Noctis insisted on paying for Prompto to have private lessons with Gladio on top of the Crownsguard bootcamp, even if Prompto protested any time Noctis tried to spend money on him, and Gladio tried to wave the fee. In the end, Prompto was thankful Gladio got  _ something  _ for dealing with him. 

Gladio taught with a heavy dose of tough love, and Prompto needed a lot more of the love part than Gladio was willing to give. Prompto required patience, and someone who understood how to work with his fear of failure, and teach him how to move past it. 

Gladio was not that person. 

When Noctis pointed out Prompto’s amazing aim in video games, someone put a gun in his hand, and he started training with the snipers. Prompto had never been happier.

_ (Even if that innate aim required reaching deep inside a blackened and blocked out part of him, a place that remembered flashes of stark white walls and men with clipcodes, that could tell him the meaning of a barcode tattoo if he let it.) _

_ (He’d grown comfortable with it for Noct.) _

_ (Almost.) _

After their failed attempt at training, they grew distant.
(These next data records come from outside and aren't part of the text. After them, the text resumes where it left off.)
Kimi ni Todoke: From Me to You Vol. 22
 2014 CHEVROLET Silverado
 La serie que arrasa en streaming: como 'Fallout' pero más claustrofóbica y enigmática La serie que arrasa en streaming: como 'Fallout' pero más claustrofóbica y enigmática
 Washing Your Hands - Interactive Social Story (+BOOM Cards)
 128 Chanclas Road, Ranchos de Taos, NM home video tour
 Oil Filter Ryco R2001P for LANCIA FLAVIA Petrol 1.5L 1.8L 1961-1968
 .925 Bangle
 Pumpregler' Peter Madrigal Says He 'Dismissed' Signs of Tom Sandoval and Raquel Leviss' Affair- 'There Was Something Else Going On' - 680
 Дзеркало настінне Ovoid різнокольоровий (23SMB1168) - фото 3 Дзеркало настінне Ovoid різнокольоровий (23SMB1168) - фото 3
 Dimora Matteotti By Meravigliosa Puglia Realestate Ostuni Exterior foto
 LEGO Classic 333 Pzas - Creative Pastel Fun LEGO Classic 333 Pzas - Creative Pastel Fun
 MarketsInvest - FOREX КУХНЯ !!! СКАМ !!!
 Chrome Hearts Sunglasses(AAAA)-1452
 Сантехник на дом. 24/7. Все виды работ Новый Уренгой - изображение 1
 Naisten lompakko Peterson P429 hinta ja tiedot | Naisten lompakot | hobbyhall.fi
But now, they had been traveling together for weeks and weeks and still had tons of royal arms to find. Prompto knew that, at some point, they would have to talk.

He watched Gladio click through his pictures with a soft smile on his face, and then he spoke without thinking.

“Did you really mean what you said yesterday? That I’ll never be any good at fighting?”

Prompto felt his face go bright red, but he kept his gaze trained on Gladio, committing to the conversation even if all he wanted to do was take his words back and run.

Gladio grunted. Prompto couldn’t tell if it was with remorse or annoyance. He slowly set down Prompto’s camera. “I was being an ass and taking shit out on you you didn’t deserve. I’m sorry.”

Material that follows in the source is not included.